His recent books include China’s Financial Transition at a Crossroads (Columbia University, 2006), Sustaining India’s Growth Miracle (Columbia University, 2007), A Globalist Manifesto for Public Policy, (Institute for Economic Affairs, 2002), Emerging Financial Markets (with David Beim, Irwin-McGraw Hill, 2001), and U.S. Bank Deregulation in Historical Perspective (Cambridge University Press, 2000 and 2006). He has also published numerous journal articles and chapters in scholarly volumes.

Professor Calomiris is the recipient of research grants or awards from the National Science Foundation, the World Bank, the Japanese Government, the Herbert V. Prochnow Foundation, and the Garn Institute of Finance. In 1995 he was named a University Scholar at the University of Illinois, where he served as Associate Professor of Finance and Co-Director of the Office for Banking Research. He is or was a member of the editorial boards of the Journal of Banking and Finance, the Journal of Financial Services Research, the Journal of Financial Intermediation, the Journal of Economic History, the Journal of Economics and Business, and Explorations in Economic History. Professor Calomiris serves or has served as a consultant or visiting scholar for the Federal Reserve Banks of New York, Chicago, Cleveland, St. Louis, and Philadelphia, the Federal Reserve Board, the World Bank, and the governments of Mexico, Argentina, Japan, China, El Salvador, Brazil, Colombia, Connecticut and Massachusetts. His private sector clients have included Bank of America, Goldman Sachs, Lloyds, AIG, UBS, Citicorp, Fidelity, Fleet, Credit Suisse, The Limited, Xilinx, Verizon, Wachtel Lipton, Milbank Tweed, Cleary Gottlieb, O’Melveny & Myers, Mayer Brown, LeBoeuf Lamb, Latham Watkins, Ince & Co., and Fenwick & West, among others.
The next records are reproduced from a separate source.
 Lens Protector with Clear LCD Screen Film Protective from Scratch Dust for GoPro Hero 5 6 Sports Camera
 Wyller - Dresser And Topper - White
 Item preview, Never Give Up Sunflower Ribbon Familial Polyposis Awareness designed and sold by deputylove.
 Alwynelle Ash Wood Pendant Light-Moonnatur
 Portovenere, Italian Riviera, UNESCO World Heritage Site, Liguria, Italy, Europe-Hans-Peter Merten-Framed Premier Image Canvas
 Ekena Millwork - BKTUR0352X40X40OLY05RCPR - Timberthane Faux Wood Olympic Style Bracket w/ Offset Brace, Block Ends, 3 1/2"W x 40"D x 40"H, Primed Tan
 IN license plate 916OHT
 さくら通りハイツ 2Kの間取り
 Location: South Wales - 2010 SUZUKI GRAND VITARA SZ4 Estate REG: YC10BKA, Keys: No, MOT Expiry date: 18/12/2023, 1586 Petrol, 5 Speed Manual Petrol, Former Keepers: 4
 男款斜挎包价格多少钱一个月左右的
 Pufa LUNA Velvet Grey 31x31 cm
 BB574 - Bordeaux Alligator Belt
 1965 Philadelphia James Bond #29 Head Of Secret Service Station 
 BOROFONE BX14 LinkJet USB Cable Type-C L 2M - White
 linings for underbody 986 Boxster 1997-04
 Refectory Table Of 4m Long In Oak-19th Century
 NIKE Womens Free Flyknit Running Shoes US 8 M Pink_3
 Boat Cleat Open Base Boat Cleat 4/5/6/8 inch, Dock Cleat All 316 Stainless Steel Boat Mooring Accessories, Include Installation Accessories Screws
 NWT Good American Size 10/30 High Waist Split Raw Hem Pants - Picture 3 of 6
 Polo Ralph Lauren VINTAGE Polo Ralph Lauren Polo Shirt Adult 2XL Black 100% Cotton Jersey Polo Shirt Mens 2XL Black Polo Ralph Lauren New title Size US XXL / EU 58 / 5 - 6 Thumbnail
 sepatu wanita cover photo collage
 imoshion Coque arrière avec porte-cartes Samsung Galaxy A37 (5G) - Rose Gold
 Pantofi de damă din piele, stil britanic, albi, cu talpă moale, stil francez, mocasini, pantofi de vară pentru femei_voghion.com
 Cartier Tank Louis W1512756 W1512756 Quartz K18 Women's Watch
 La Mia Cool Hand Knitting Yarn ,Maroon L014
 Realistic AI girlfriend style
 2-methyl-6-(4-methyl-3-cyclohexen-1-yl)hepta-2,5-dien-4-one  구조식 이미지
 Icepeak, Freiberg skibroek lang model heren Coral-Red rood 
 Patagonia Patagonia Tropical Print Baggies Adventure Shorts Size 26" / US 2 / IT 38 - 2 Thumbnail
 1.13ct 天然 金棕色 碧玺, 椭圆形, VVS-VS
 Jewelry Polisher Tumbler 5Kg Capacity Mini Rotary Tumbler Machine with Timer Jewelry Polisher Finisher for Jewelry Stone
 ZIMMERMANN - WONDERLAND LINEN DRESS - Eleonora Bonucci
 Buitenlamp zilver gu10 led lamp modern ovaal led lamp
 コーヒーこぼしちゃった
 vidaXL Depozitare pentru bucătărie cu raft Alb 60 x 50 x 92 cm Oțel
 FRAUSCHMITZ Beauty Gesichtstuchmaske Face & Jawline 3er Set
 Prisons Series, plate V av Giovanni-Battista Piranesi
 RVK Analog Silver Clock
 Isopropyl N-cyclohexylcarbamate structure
He designed (with David Beim) and teaches a course on emerging market financial transactions, which won the 1997-1998 Chazen International Innovation Prize at Columbia Business School. Professor Calomiris also teaches or has taught courses in corporate finance, banking, monetary economics, economic history, corporate governance and business ethics. He also has taught many Ph.D.-level courses at the World Bank and the IMF, including a course at the IMF on Emerging Financial Markets for several years. He has designed (with Murray Low) the Columbia Business School partnership programs with the University of Dar Es Salaam and the US International University in Nairobi, and teaches in both those programs.

His recent speaking engagements include keynote speeches at the annual research conferences of the European Central Bank, the IMF, and Kansas City Fed Jackson Hole Symposium, the Central Bank of Chile, the Brazilian Bank Association, and the Cayman Business Outlook, among others.